‘Pathankot squad was more lethal than 26/11 attackers’

The modus operandi adopted by the terrorists speaks volumes about the precision training they received, says an Intelligence official.

Updated - November 27, 2021 06:53 pm IST

Published - January 05, 2016 02:01 am IST - New Delhi

After initially refraining from blaming the country, a top government official said on Monday that the terrorists behind the Pathankot airbase attack appeared to have received training from a “professional armed force in Pakistan.” The fidayeen (suicide) squad was more lethal and better trained than the 26/11 Mumbai attackers. They had enough arms and ammunition, including under barrel grenade launchers, for a sustained operation of >more than 60 hours against a professional army.

An Intelligence official told The Hindu that establishing the identity of the terrorists would be a challenge because >Pakistan would certainly not own them up . Security forces inside the air base have found bodies of five terrorists. A sixth one was blown to pieces when the building he had taken refuge in was brought down with explosives on Monday. DNA samples would be preserved, he said.

A challenge After the 26/11 Mumbai attacks, Pakistan had refused to accept the bodies of nine Lashkar-e-Taiba (LeT) terrorists killed by the security forces. The tenth terrorist, Ajmal Kasab, the only one to have been captured alive, was hanged in a Pune prison in 2013 and his body was buried on the premises.

“We are yet to ascertain the identity of the terrorists as no recoveries have been made. No terrorist group has so far claimed responsibility. The statement by the United Jihad Council (UJC) is only an attempt to give it a Kashmir colour,” said the Intelligence official.

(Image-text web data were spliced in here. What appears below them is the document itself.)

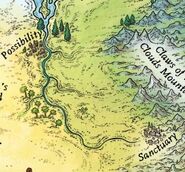 The Great Five-Tail River on the map of Pyrrhia from A Guide to the Dragon World, by Mike Schley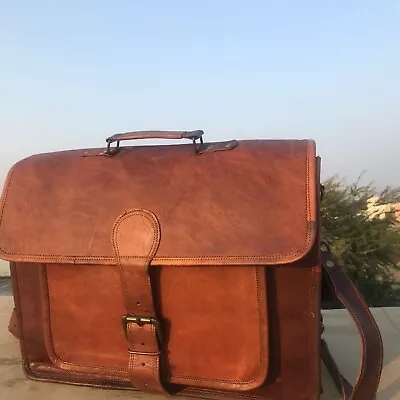 Shoulder Satchel Crossbody Men's Laptop Briefcase Brown Bag Leather Messenger • $75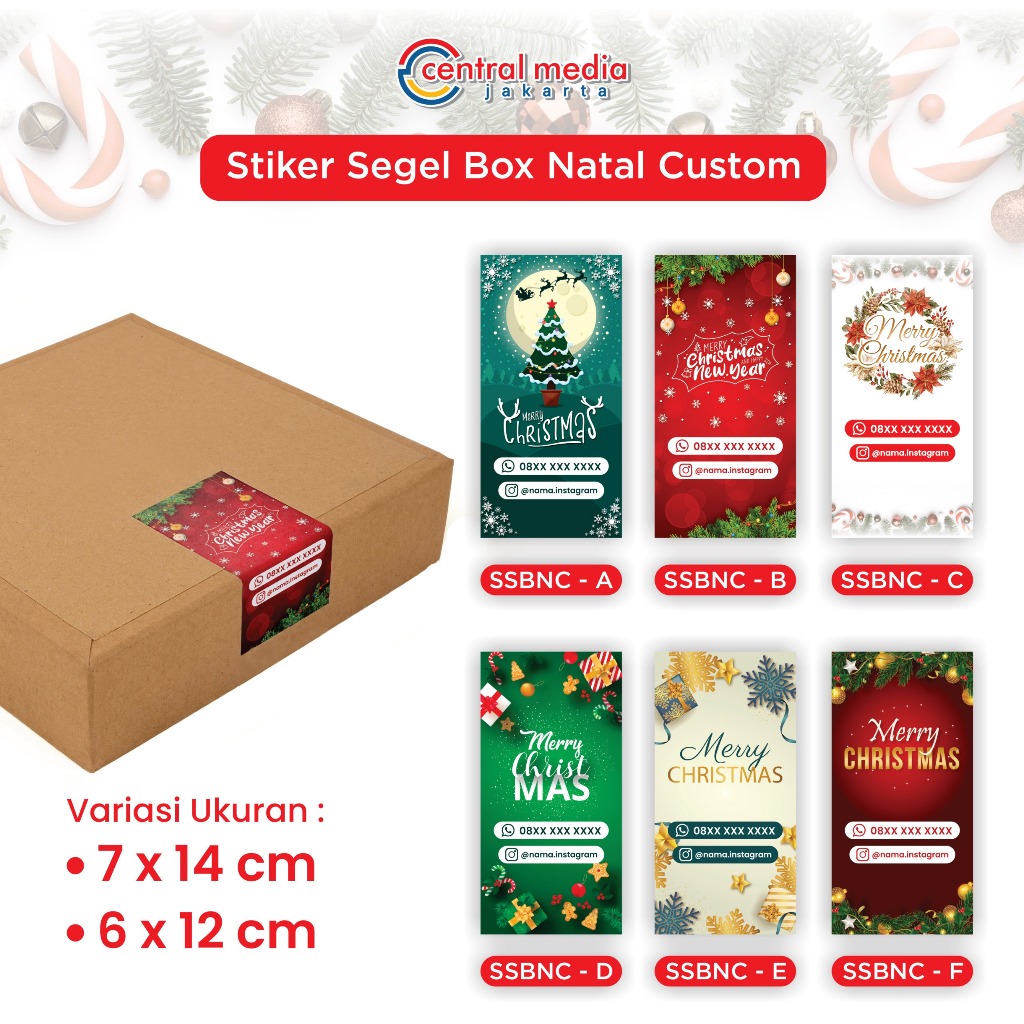 

Sticker Segel Box Christmas Label Hampers Kue Natal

The UJC, an alliance of more than a dozen pro-Pakistan militant groups based in Pakistan-occupied Kashmir, had claimed responsibility for the air base attack. “The attack is a message by Mujahideen [militants] that no sensitive installation of India is out of our reach,” UJC spokesman Syed Sadaqat Hussain said in a statement.

Two groups

Security agencies believe there were six terrorists and they were divided into two groups — one of 4 and the other with 2 members.

The modus operandi adopted by the terrorists speaks volumes about the precision training they have received, said the official. “They opened fire at a patrol team at 3.30 a.m., an unusual hour to engage with the enemy. They were clearly aware that the level of alertness would be low at that hour. They did not all come out together, but took on the security forces from different directions.

It is suspected that two terrorists might have entered the Pathankot air base before the Superintendent of Punjab Police Salwinder Singh, his jeweller friend Rajesh Verma and cook Madan Gopal were abducted by the other four, and much before an alert was sounded about their presence in the area.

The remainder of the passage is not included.